Chicago, IL – – Catholic funders joined together with the Catholic Church Extension Society October 15th for a conference celebrating the ministry of sisters in the 88 home mission dioceses of the United States.
The conference which included forty foundation trustees, Extension personnel, Catholic sisters from rural Mississippi, as well as Navaho and Apache communities in the Southwest, showcased their work running Catholic schools, parishes, and social service programs among the poor.
The conference also included personal testimony from a panel of lay women who were trained and formed by the sisters for service in the home missions or helped in their personal lives.
Sister Donna Gunn CSJ, Director of Advocacy at Sacred Heart Family Center in Camden, Mississippi, spoke movingly about the lay witness and leadership that she has found in her decade of service in a rural, low income, Catholic community.

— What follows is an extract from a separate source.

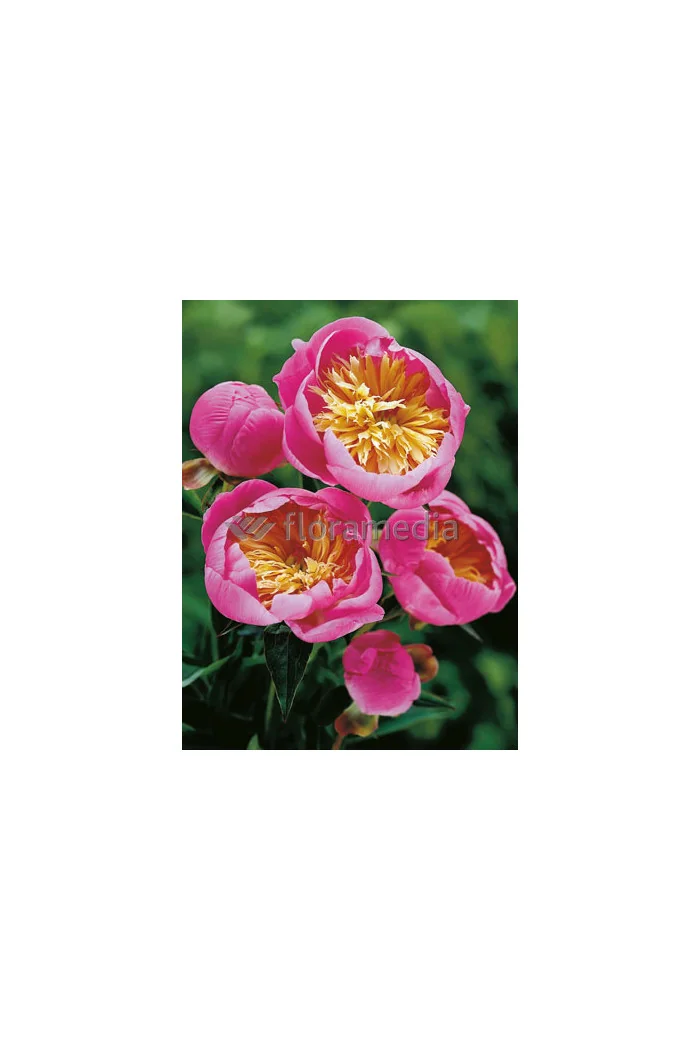 Piwonia chińska 'Bowl of Beauty' Paeonia lactiflora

“As laity move into roles that once were served by religious, I ask them to be attentive to how the Holy Spirit is present and continues to call the laity to be the face of the church,” she said.

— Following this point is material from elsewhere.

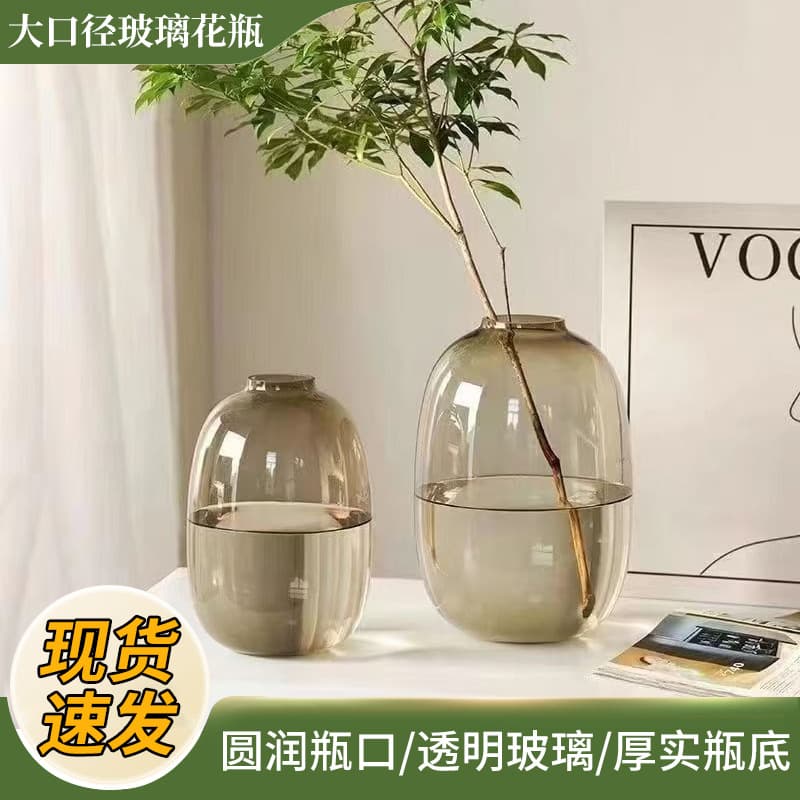 Glass Vase Decor Living Room Flower Arrangement Transparent Hydroponic Light Luxury Premium Hydroponic Fresh Flowers Large Opening Green Plant Bedroom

“I am very proud of what we religious have been able to do,” Sr. Donna added, referring to a once burgeoning population of sisters and clergy serving in the missions, “but our church needs new leadership now, not just because the religious are not there, but because the Holy Spirit is pushing us forward,” she added.
“There’s a lot of training that has to be done,” said Lourdes Garza, a lay panelist, and native of Mexico City. Ms Garza is now Diocesan Director of Hispanic Ministry in the Diocese of Knoxville, TN.

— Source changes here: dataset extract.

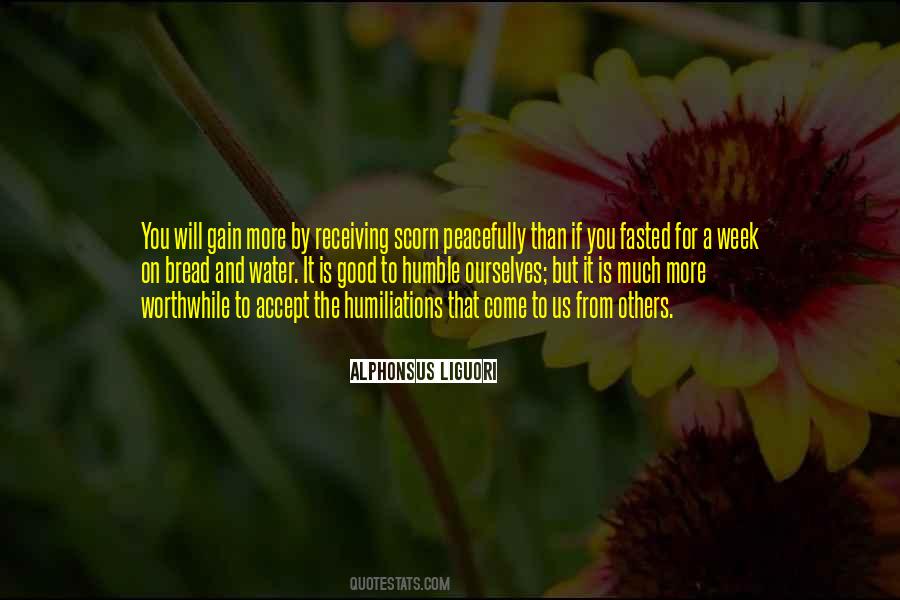 Humiliations Quotes #1322407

“I am running a Bible Institute, and its amazing when you open your doors and see how many want to learn more about their faith and to be prepared to serve it,” said Ms. Garza. She told the audience that while the hunger for learning and faith formation is great, much more has to be done to ready laity to do this work. “I don’t have the teachers that I need,” she lamented.
Sr. Mary Bernard Derayunan RSG, another speaker at the Chicago-based meeting, works at the Good Shepherd Center in the Diocese of Gallup. There she helps impoverished women who are ex-offenders find community service opportunities, training and stable employment.
When asked to describe the essence of her work in the home missions, she said: “helping others look for what is truly good in their lives and to be a witness to God’s mercy and compassion.” A native of the Philippines, Sr. Bernard, serves in Holbrook AZ, in the heart of Navaho territory.
Referring to many of the women she has ministered to who have struggled with poverty, alcohol and drug abuse, Sister Bernard said: “When we see them really down, we try to help them get up and to realize they should not despair, God is merciful and forgiving,” she said.
Praising the impact that Sister Mary Bernard has had on their lives, guest panelists in gripping moments of emotional testimony told FADICA and Extension how Sr. Bernard welcomed them back into the community with gentle acts of kindness including providing a place to stay, rehabilitative services and companionship.
“I would not be alive without the sisters”, said one mother of seven children, and a panelist, who described to the audience her former life addicted to alcohol as a nightmarish “rollercoaster”.
“You keep reaching out to them until they get hold of their life and find God in it,” said Sr. Bernard’s fellow religious, Sr. Mary Esther Roffi RSG, who also serves in Holbrook.
Reflecting on the ministries of sisters in the Home Mission dioceses, Extension President, Father Jack Wall told the conferees that “religious women recognize the power of risen life…where others see death, these women see something new being born.”
Father Wall invited the foundations and donors present to join with Extension not only in furthering the work and ministry of sisters in the rural areas of the country, but in thinking about the vast need for leadership development and training for the future.
“These [home mission] dioceses are laboratories for the future where something new is taking shape,” he said. “Extension invites all of FADICA members to join them in launching some new ways that knowledge, skills and formation can prepare laity to be powerful witnesses to hope in our home missions in the tradition of the powerful, loving ways patterned by our religious,” he concluded.
The evening prior to the Conference, FADICA bestowed its highest honor on Bishop Ricardo Ramírez CSB, Founding bishop of the Diocese of Las Cruces and a board member of the Catholic Church Extension Society.
Commenting on his faith community, Bishop Ramírez said, “Las Cruces is a frontier Church…the greatest pastoral challenge is the geographical distances that separate our parishes…our treasure are the people whose faith inspired hope and generous service to promote the Reign of God.”